Daily Independent (Ashland, KY)


June 18, 2014

50 years a lawyer: Ashland’s Jim Stavros to be honored by KBA

ASHLAND — This year marks Jim Stavros’ golden anniversary in the legal profession and, on Friday, his peers will recognize him for achieving that milestone.

Stavros will be honored by the Kentucky Bar Association for having spent 50 years practicing law. The ceremony will take place Friday in Covington.

“I’m being elevated to senior counsel and lifetime member. What that means is I don’t have to pay dues anymore,” he said with a chuckle.
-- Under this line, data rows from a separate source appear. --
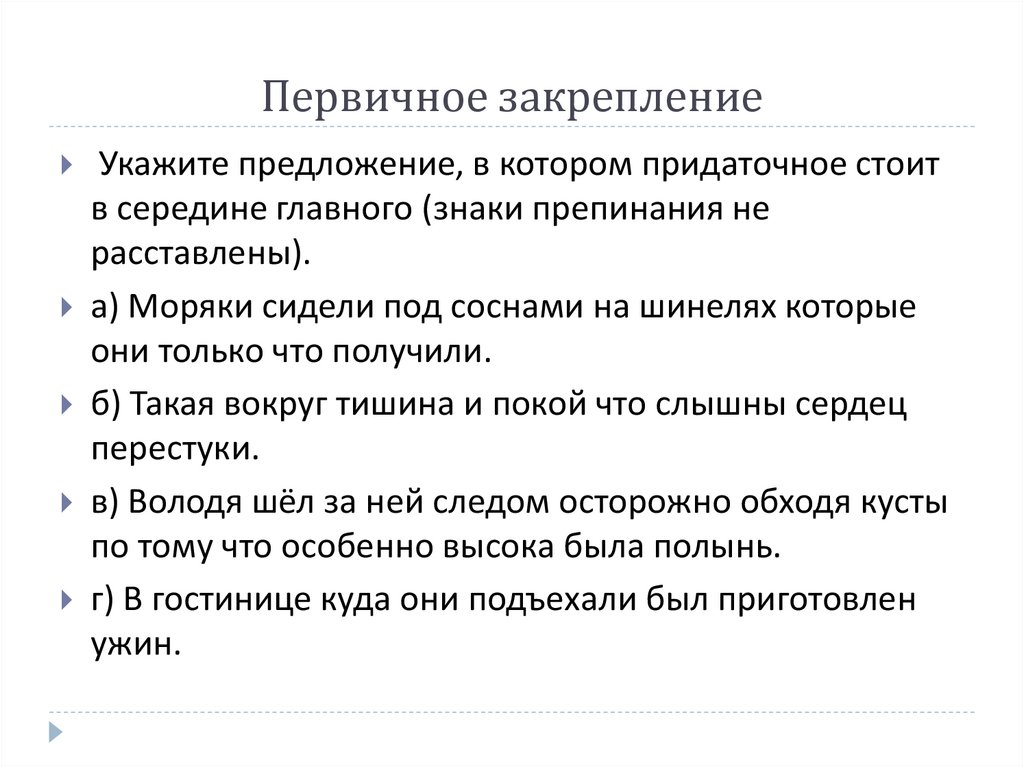 Объясните расстановку знаков препинания составьте схемы предложений павел петрович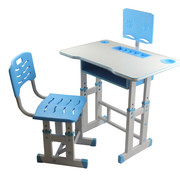 Study-Table-Blue-1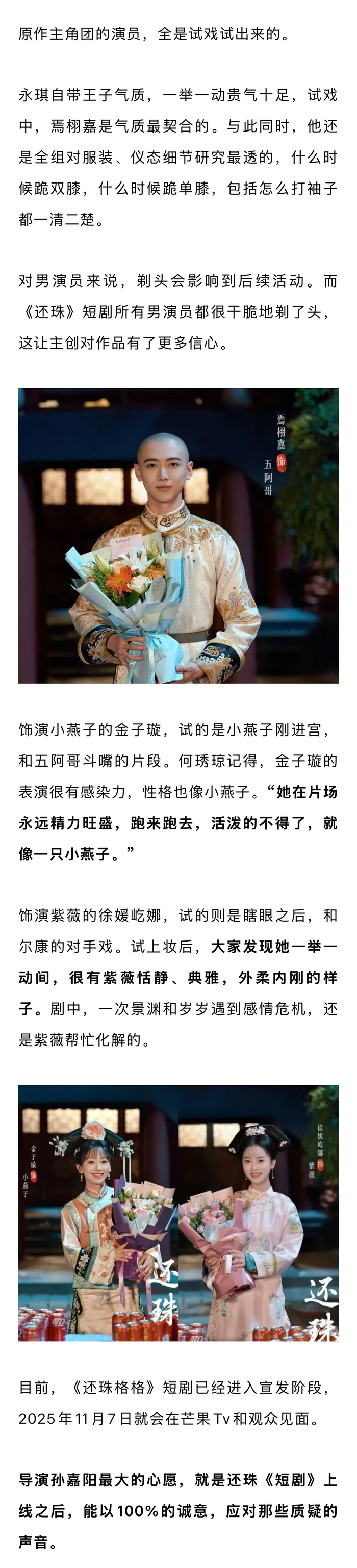 短剧还珠选角罗一舟胡连馨，仙剑将拍龙葵龙阳番外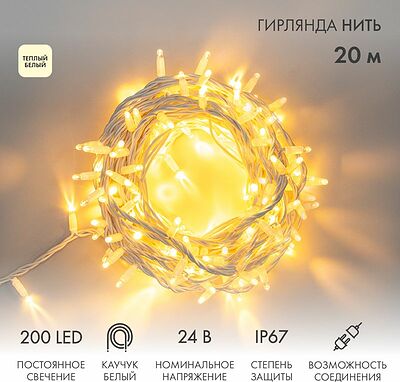 NEON-NIGHT 315-506 Гирлянда светодиодная Нить 20м 200 LED ТЕПЛЫЙ БЕЛЫЙ белый каучук IP67 постоянное свечение 24В соединяется NEON-NIGHT нужен транс-ор 531-100/531-311/531-312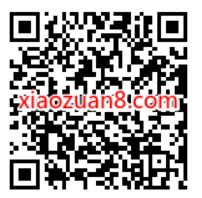 腾讯手游英雄联盟最高赢88Q币,注册领7天绿钻 豪华绿钻 免费Q币 活动线报 第2张 腾讯手游英雄联盟最高赢88Q币,注册领7天绿钻 豪华绿钻 免费Q币 活动线报 第2张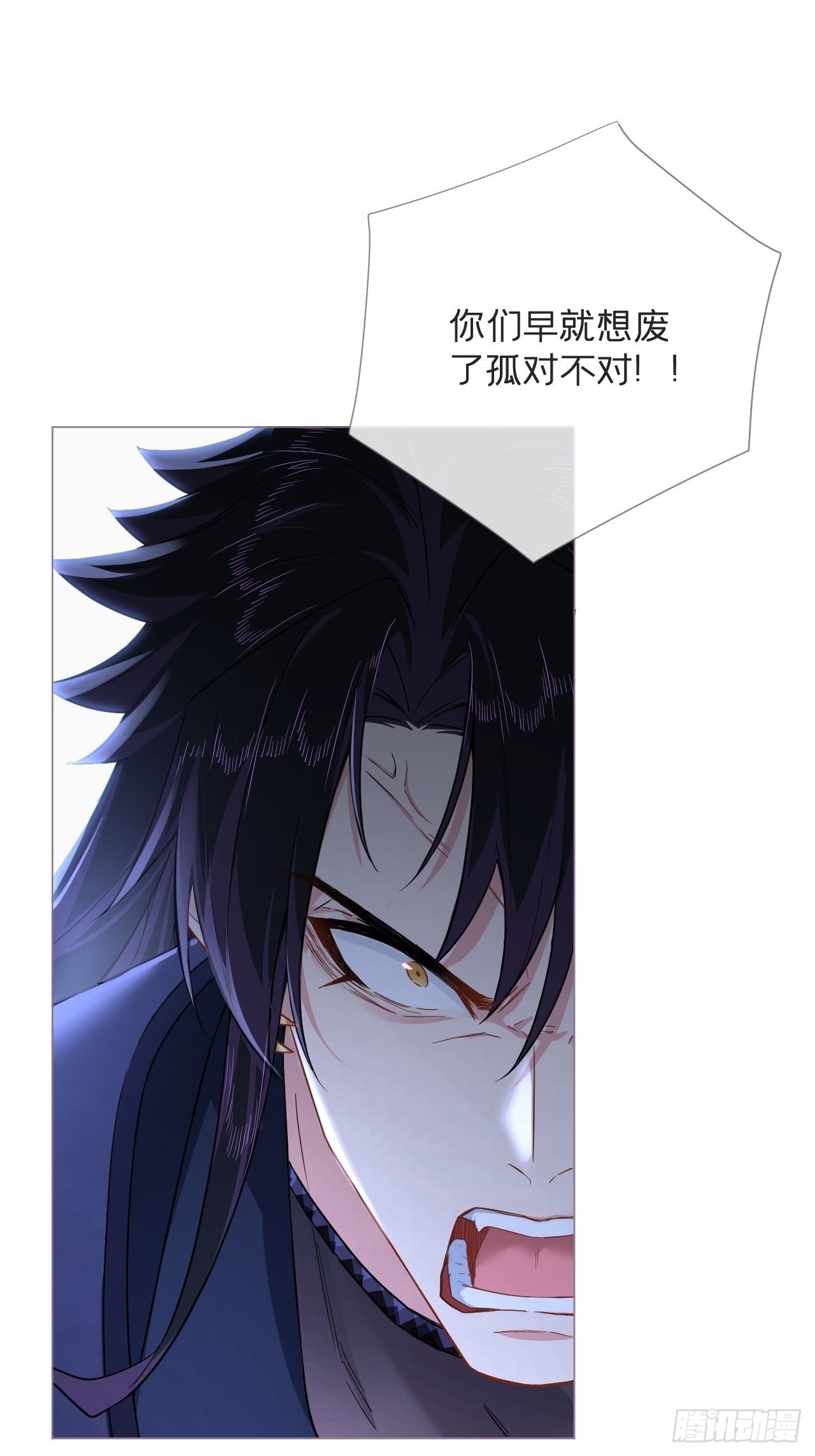 88 抉择(1/2)-第94话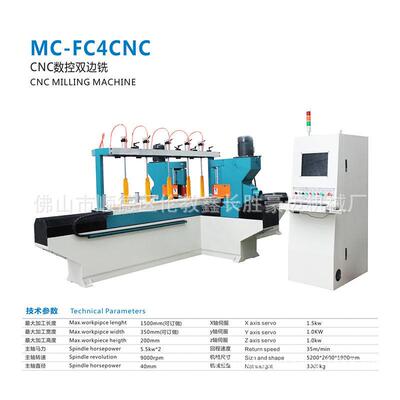 数控仿行铣床MXS6232双边仿型精铣机实木异形仿行铣床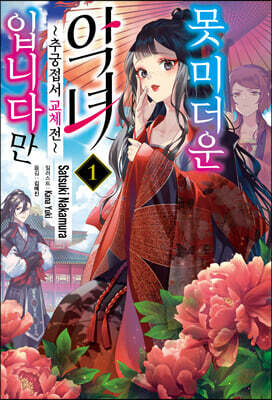 못미더운 악녀입니다만 ~추궁 접서 교체전~ 1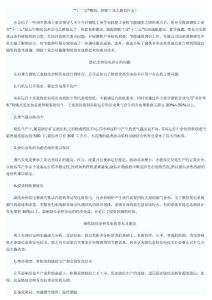 钢铁行业余热发电技术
Stavros said another attorney with local ties, Tom Bunch, who grew up in Ashland and now lives and practices in Lexington, also will be recognized Friday by the KBA for 50 years in the profession.

Stavros, 74, and his brother, George, who’s now retired from practicing law, are the first generation of their family to be born in America. Their father, Pete, emigrated to the U.S. from Greece when he was 12, traveling on the first ship to pass the RMS Titanic after it hit an iceberg and sank on its maiden voyage. The elder Stavros taught himself to speak, read and write English for many years ran a restaurant on Winchester Avenue across from the Paramount Arts Center.

Stavros said his father was determined that his sons would have a better life than him, so he encouraged both of them to enter the legal profession. After earning his undergraduate degree from Centre College in Danville, Stavros went to law school at Vanderbilt University and received his juris doctorate in 1964.

Following law school, Stavros joined the Federal Bureau of Investigation, serving as special agent in Cleveland and in New York City. It was a period of upheaval, filled with race riots and anti-Vietnam War protests, and, after three years, Stavros said he decided he wanted to return to Ashland, where he was born and raised, to raise his own family.

A framed photo of the legendary FBI Director J. Edgar Hoover hangs in Stavros’ office as a reminder of his time with the bureau, and Stavros said he considered it a great honor to have served under Hoover.

In 1967, Stavros joined the law form of Diederich, Hermansdorfer and Wilson, where he forged an alliance with one of the partners, Bunyan S. Wilson, that would last for more than 40 years. The two left to start their own firm and practiced together until Wilson’s passing two years ago.

Stavros said Wilson was a friend and a mentor and that he still misses him terribly. Wilson’s name is still a part of Stavros’ firm’s name and is still on the door of the office building Stavros shares with his partners, Sharon Rowsey and Leslie Brown.

Stavros said having two women as law partners is something that would have been unheard of 50 years ago. He said there were only three women in his graduating class at Vandy, and, when he came to Ashland, there was only one female lawyer in town. He cited the number of women in the profession as one of the biggest changes he’s observed since he first started.

One of the factors Stavros credits for his longevity is the type of law he practices, which he says isn’t as taxing or stressful as others and doesn’t require him to spend as much time in court. He said he mostly does bankruptcies, along with wills, power of attorneys and probate work. Rowsey handles the firm’s domestic cases and Brown does criminal-defense work, he said.

In the past, Stavros said he also did a lot of insurance claims work, representing insurance companies in wrongful-death suits and other types of cases.

Stavros and his wife, Suzanne, a long-time investment counselor at Hilliard Lyons, are the parents of a son, Peter, and daughter, Cathy, both of whom followed in their father’s footsteps and became attorneys. Peter practices in Louisville; Cathy in Covington.

In fact, Stavros said the timing Friday’s KBA ceremony was perfect for him and his wife because Friday’s happens to be Cathy’s birthday and two of them will have the opportunity to visit with her and her family before attending the event.

Stavros said he has no intention of retiring anytime soon. He said his health is excellent, which he attributes to his ritual of walking three or four miles a day, including to and from his office most days.

“If I don’t have to be in court, I usually leave my car at home,” he said.

Stavros said one reason retirement doesn’t appeal much to him is “I’m not much for hobbies.” However, he said he does enjoy watching sports on TV, with basketball being a favorite.

He’s a University of Kentucky fan, but he said, almost sheepishly, that he also cheers for one of the Wildcats’ most hated rivals, Duke, as long as they’re not playing UK.

There’s a good reason behind his affection for the Blue Devils, though — his son is a Duke grad.